What's the overlap between this and T113066?

Jdlrobson renamed this task from [GOAL] Make Wikipedia more accessible to 2G connections with fast API-driven web experience in mobile web beta to [GOAL] Make Wikipedia more accessible to all 2G connections with new fast API-driven web experience in mobile web beta.Feb 5 2016, 12:01 AM
Jdlrobson renamed this task from [GOAL] Make Wikipedia more accessible to all 2G connections with new fast API-driven web experience in mobile web beta to [GOAL] Make Wikipedia more accessible to all connections with new fast API-driven web experience in mobile web beta.

Is this the same as T111588 ?

No, it was the Q3 goal task (you had requested it be created 😄), before we actually met at the summit and before the pre-existing Q2 task T113066: [GOAL] Make Wikipedia more accessible to 2G connections was renamed to what it is called today and re-purposed for Q3.

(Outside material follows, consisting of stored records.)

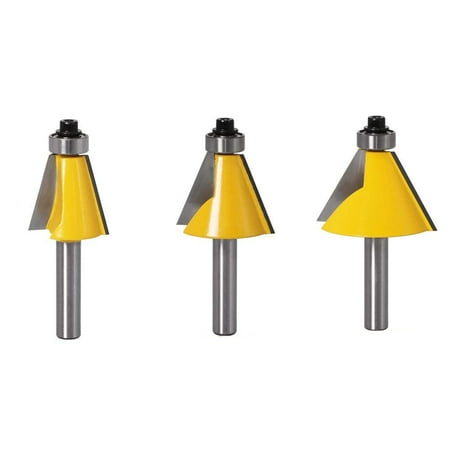3Pcs 8mm Shank Chamfer & Bevel Edging Router Bit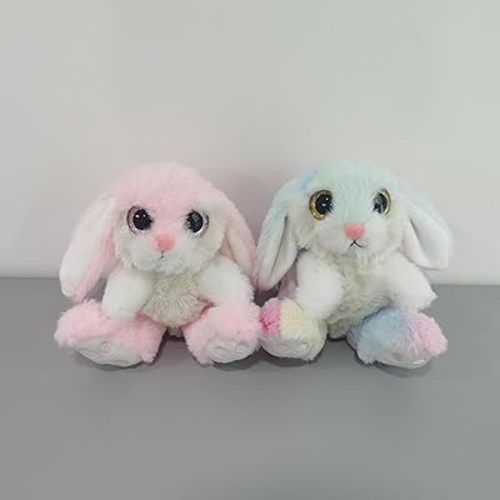 My OLi Bunny Rabbit Stuffed Animal Plush Bunny 7" Easter Stuffed Bunny with Floppy Ear 2 Pack Plush Rabbit Bedtime Friend Plush Toy Gifts for Girls Boys Kids, Pink & Rainbow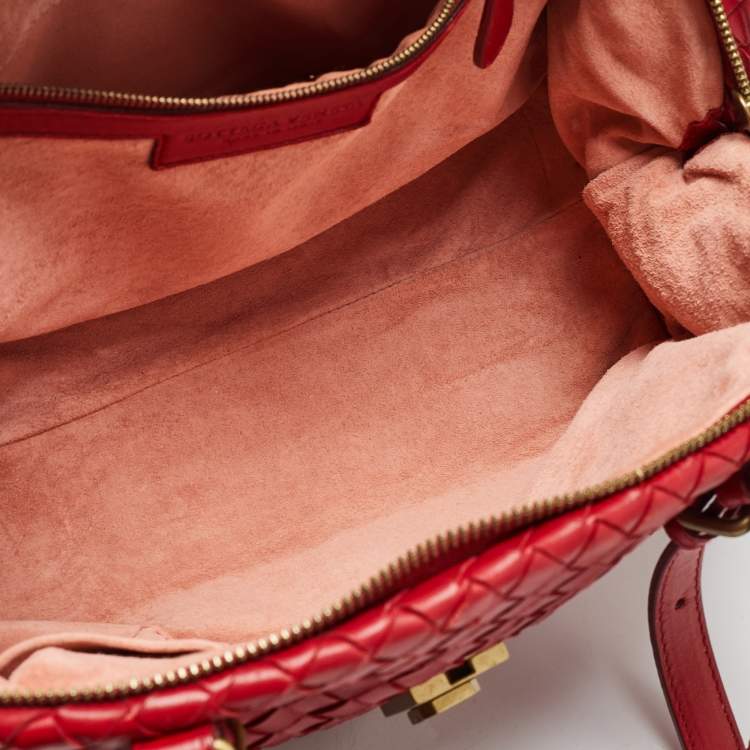 Pre Owned Bottega Veneta Red Intrecciato Leather Pushlock Flap Satchel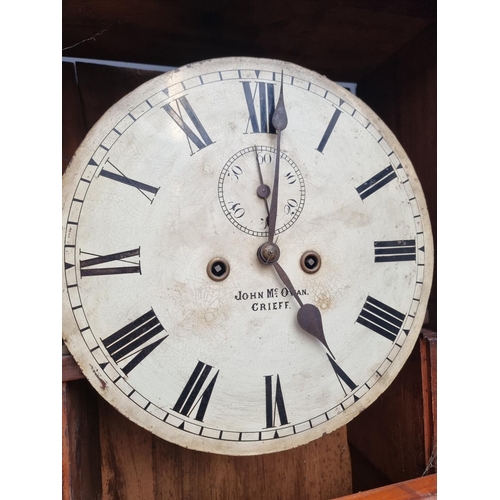 1229 - A 19th century Scottish mahogany eight day longcase clock, the 13in painted circular dial inscribed ... 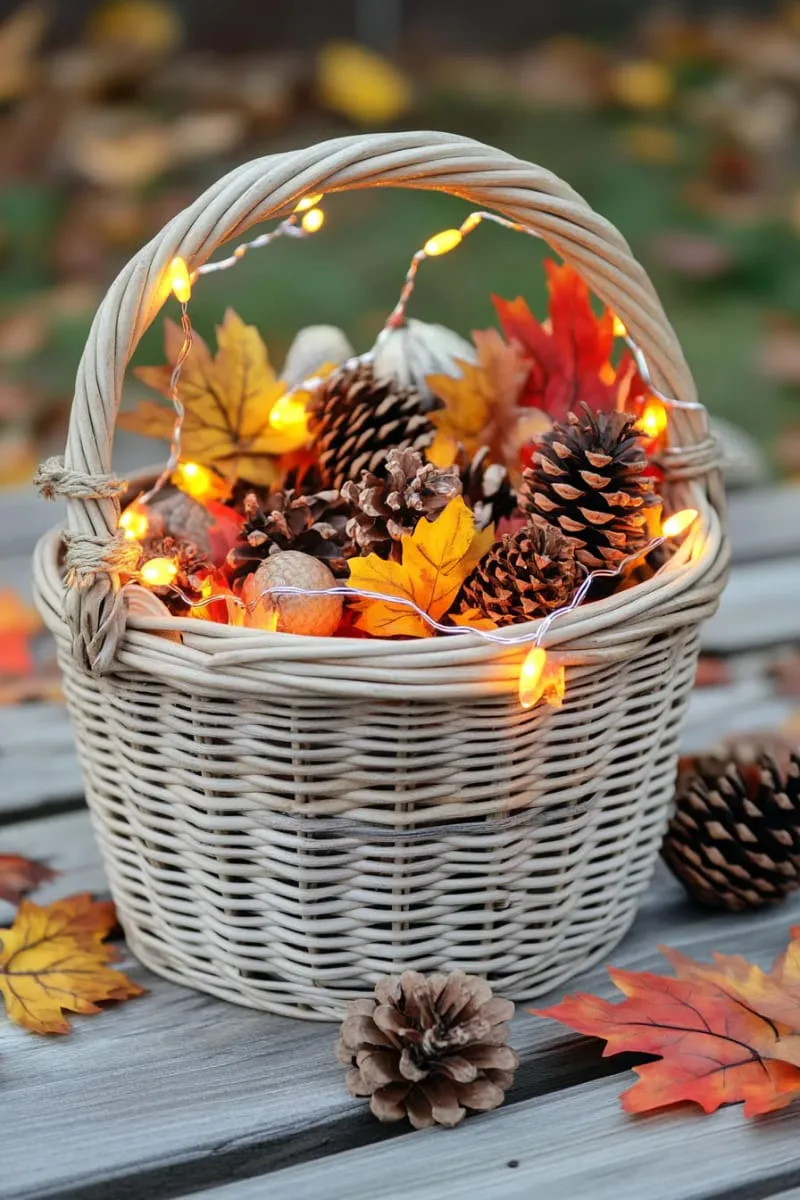 whimsical basket filled with fairy lights, pinecones, and faux leaves 1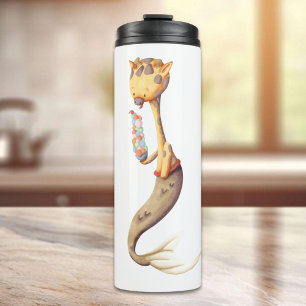 Whimsical Mermaid Giraffe Thermal Tumbler
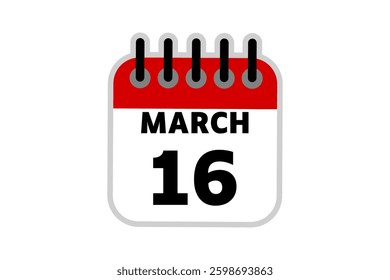16 March calendar icon text page monthly web design on red, black and white background vector, icon, or illustration with the month of March 16
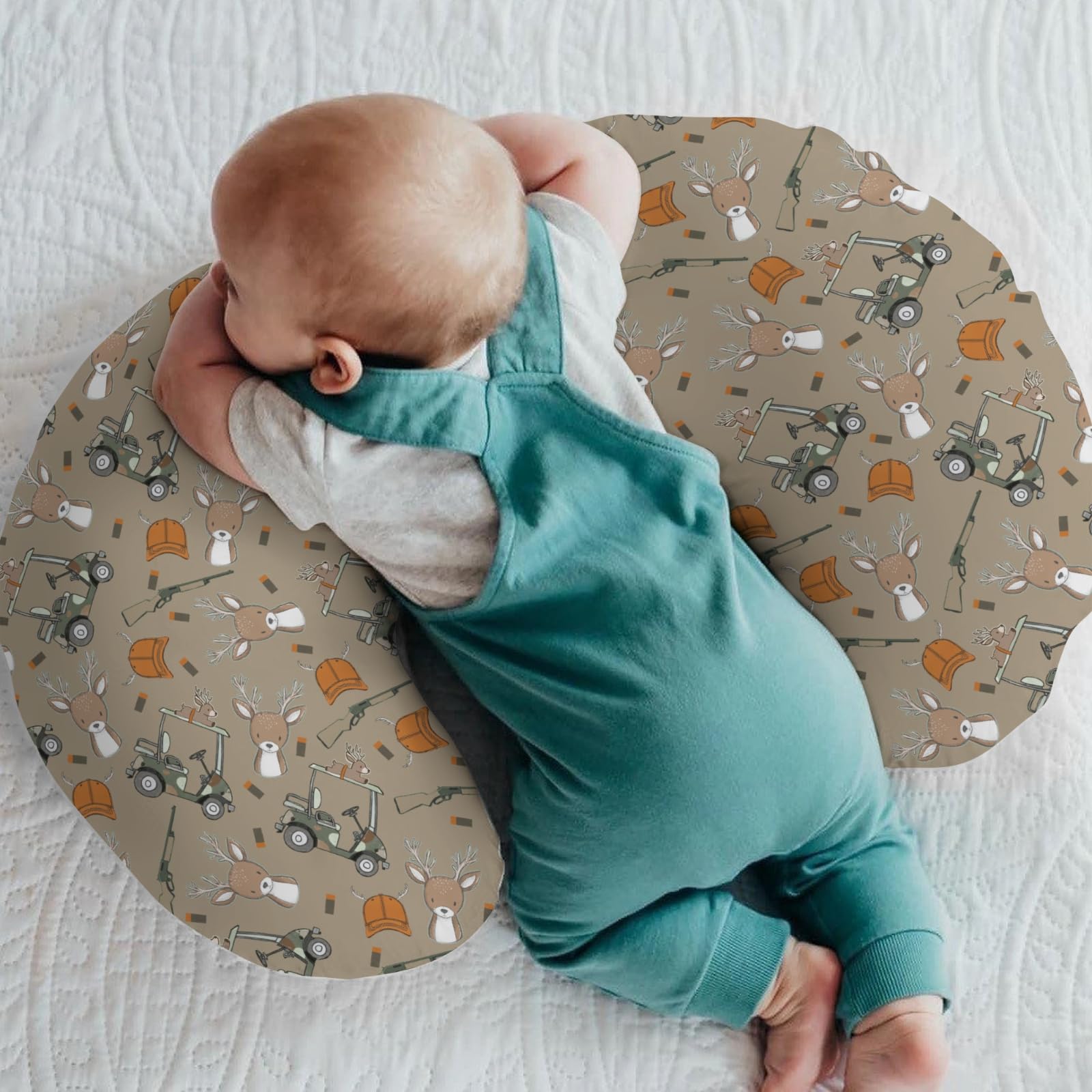 ZoUbqchY deer camouflage pillow slipcover, ideal for cozy feeding sessions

I had a TODO to copy over still applicable pieces from this task into T113066: [GOAL] Make Wikipedia more accessible to 2G connections, but haven't done so yet.

Okay, I see. I've renamed the other task to not say "Goal" for the time being until you've copied the relevant parts across from here (at which point decline this and add goal into the other task). It was getting confusing! :)

Okay, about to mark this as a duplicate.